O documento traz 25 propostas consideradas cruciais para interromper a ingerência política e resgatar a autonomia de órgãos chave na prevenção e no combate à corrupção, ampliar e fortalecer o accountability nas instituições públicas, garantir transparência e o direito de acesso às informações públicas.
Entre as propostas, estão a regulamentação do lobby; a instituição da lista tríplice vinculante para a nomeação do procurador-geral da República; estabelecimento de quarentena para a candidatura eleitoral de membros do Judiciário, Ministério Público, Forças Armadas e polícias; a proteção dos denunciantes; e a recuperação do sistema de proteção ambiental e fortalecimento do combate à corrupção ambiental.

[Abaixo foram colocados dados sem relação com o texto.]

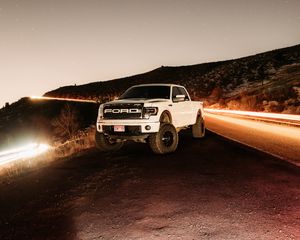 Превью обои ford raptor, ford, автомобиль, внедорожник, пикап, белый, ночь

É fundamental que o novo governo demonstre, com ações concretas, que está compromissado com o resgate democrático das pautas de transparência e integridade.
Corrupção, conflito e segurança — Neste ano, o relatório global do IPC destaca a relação entre os temas corrupção, conflito e segurança. Como explica o relatório lançado pelo Secretariado da Transparência Internacional, em Berlim, a corrupção diminui a capacidade do Estado de garantir paz e segurança a seus cidadãos. O enfraquecimento das instituições policiais e de defesa dificulta o papel do Estado de controlar seu território e prevenir ameaças de violência, incluindo o terrorismo. Ao mesmo tempo, a corrupção cria novos conflitos sociais – ou agrava os que já existem – ao minar a confiança nas instituições e desgastar a legitimidade do Estado. Países que tiveram a pontuação abaixo de 50 no IPC foram palco de 80% dos protestos contra corrupção e de 82% das respostas violentas contra os manifestantes.
“O Brasil é um dos principais exemplos hoje no mundo de deterioração democrática e aumento de conflitos associados à corrupção. Eleito sequestrando o discurso anticorrupção, o ex-presidente Bolsonaro promoveu retrocessos e um desmanche institucional sem precedentes, disseminou notícias falsas e discurso de ódio, enalteceu um projeto autoritário e fomentou a violência política, que teve seu ápice no último 8 de janeiro”, diz Nicole Verillo, gerente de Apoio e Incidência Anticorrupção da TI Brasil.